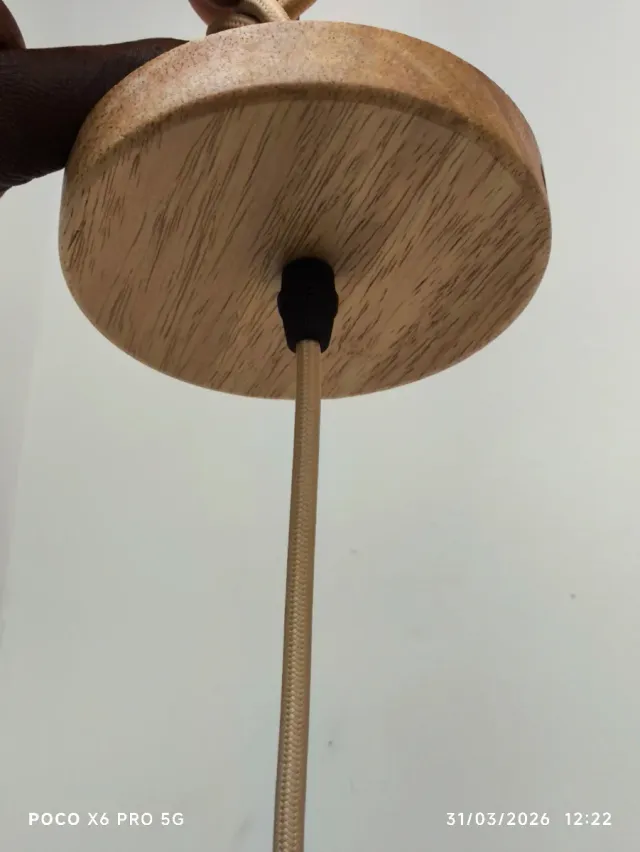 Lámparas colgantes de bambú y madera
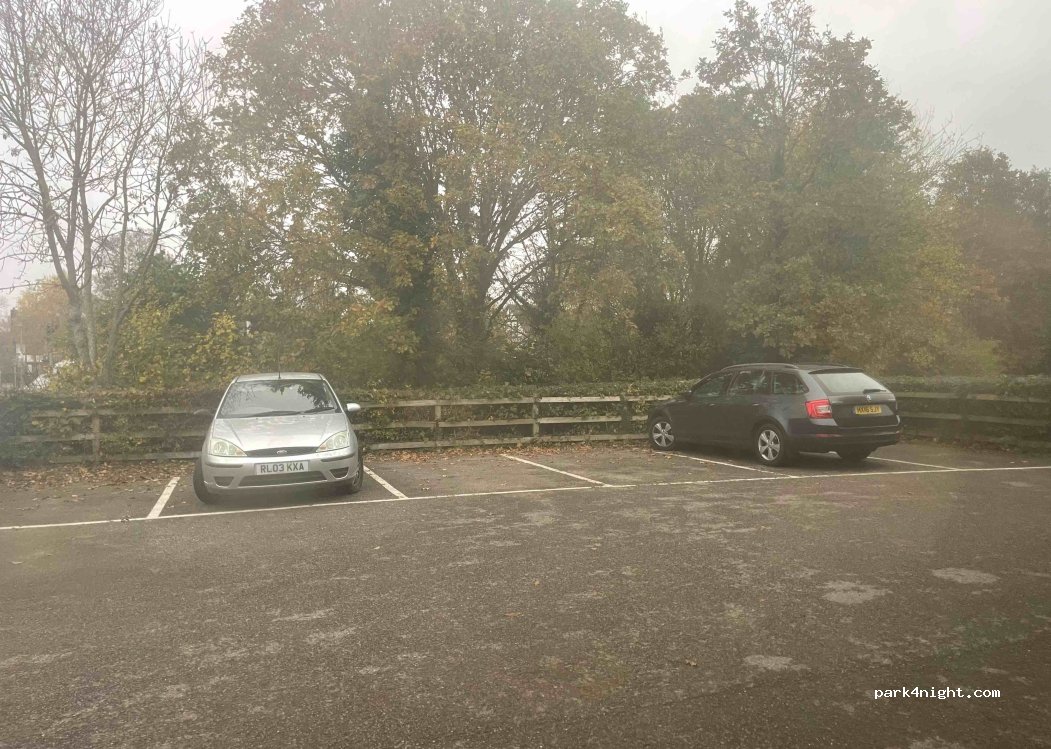 (GU17 9AB) Sandhurst - Marshall Road — foto 2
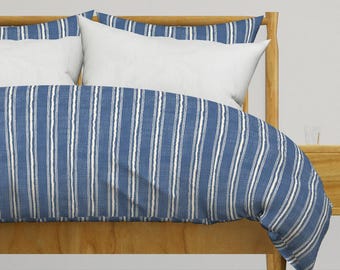 Roupa de cama Denim Blue Stripe - Rough Stripe por the_blue_snowdrop - Capa de edredom de cetim de algodão náutico costeiro OU fronhas por Spoonflower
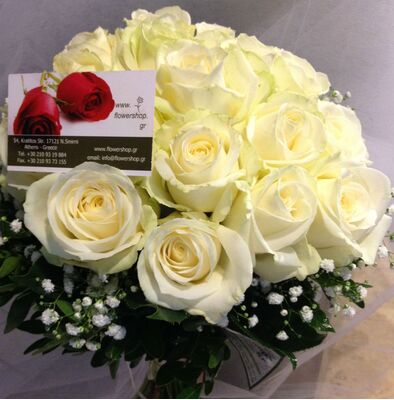 Νυφική ανθοδέσμη με κρεμ ή λευκά τριαντάφυλλα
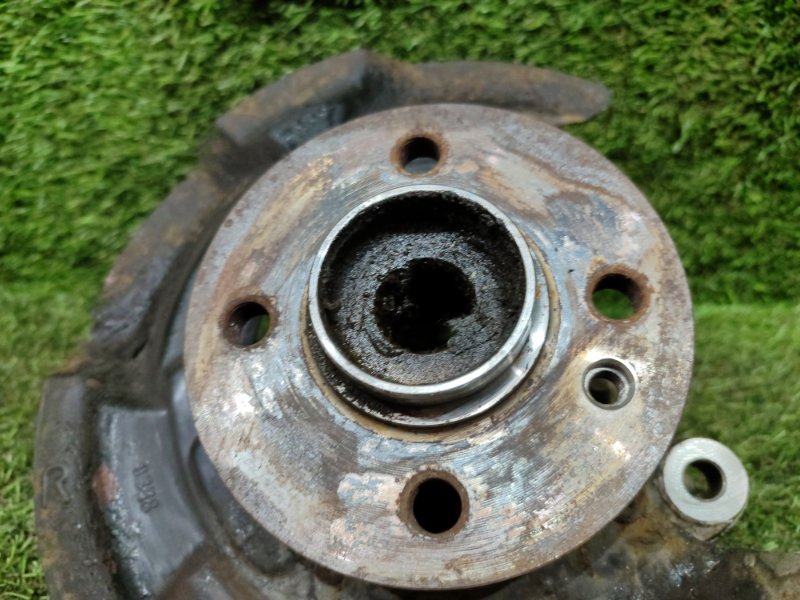 Ступица передняя правая MINI CLUBMAN R55 Ступица передняя правая MINI CLUBMAN R55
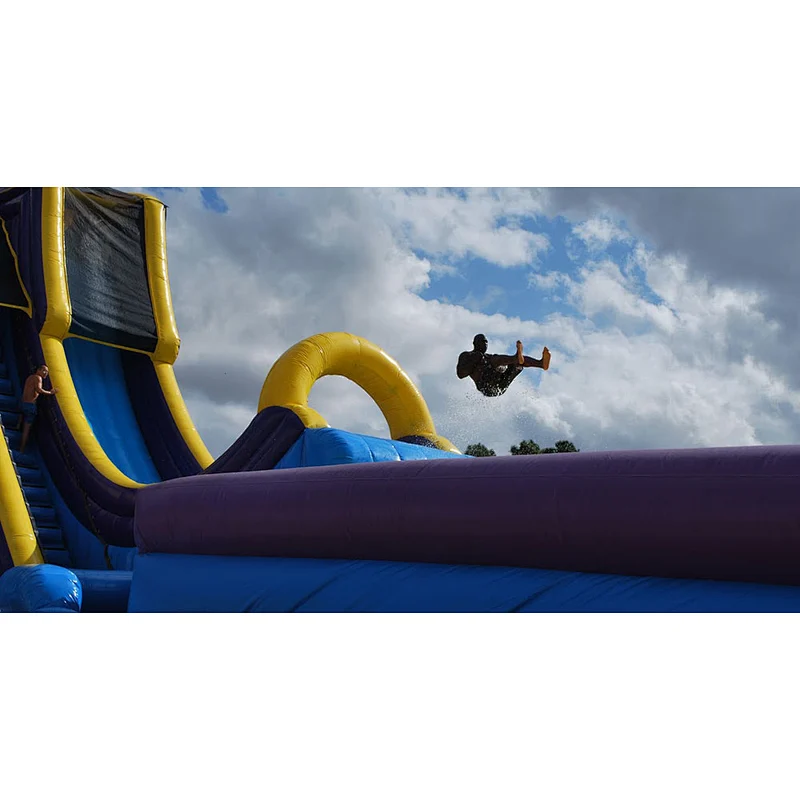 Commercial slide flying irritative inflatable drop kick slide
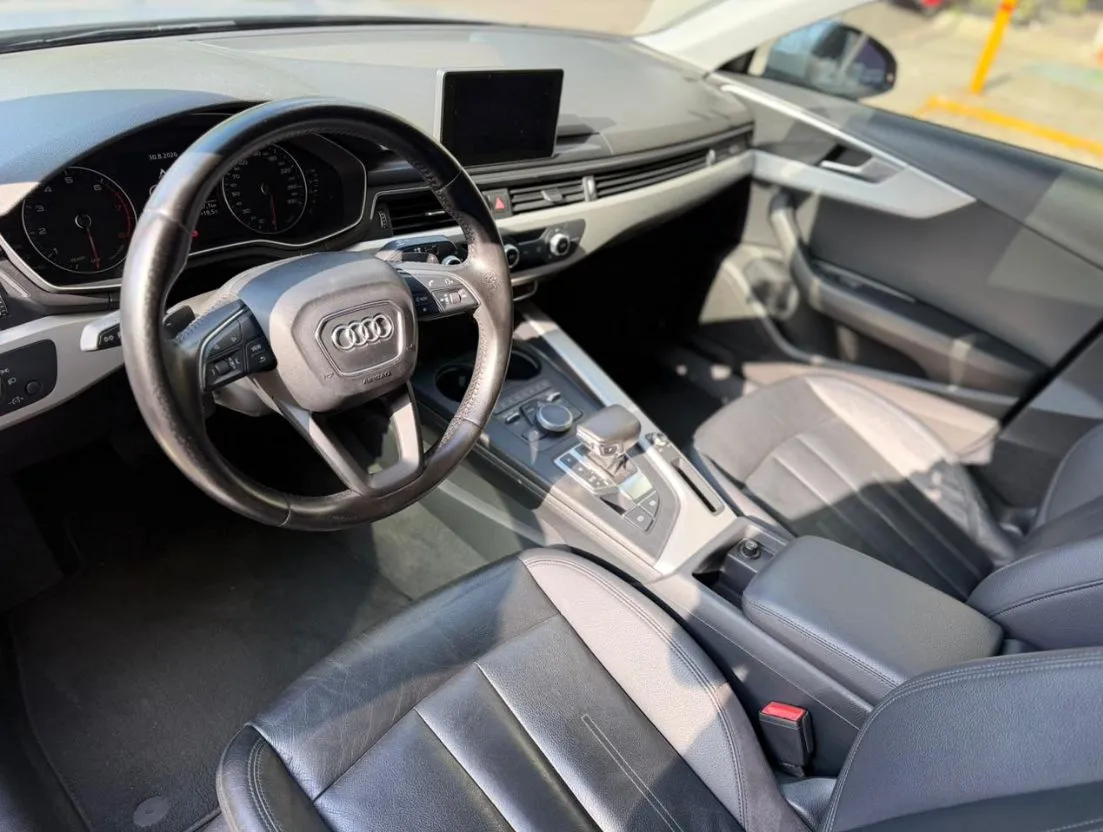 AUDI A4 SELECT TURBO 2017 LÍNEA NUEVA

◆ ◆ ◆ ◆ ◆

Skip every picture. Repeat word for word the lines from the line holding "Νυφική ανθοδέσμη με" through the end of the entries above.

# Solved problem:
 Νυφική ανθοδέσμη με κρεμ ή λευκά τριαντάφυλλα
 Ступица передняя правая MINI CLUBMAN R55 Ступица передняя правая MINI CLUBMAN R55
 Commercial slide flying irritative inflatable drop kick slide
 AUDI A4 SELECT TURBO 2017 LÍNEA NUEVA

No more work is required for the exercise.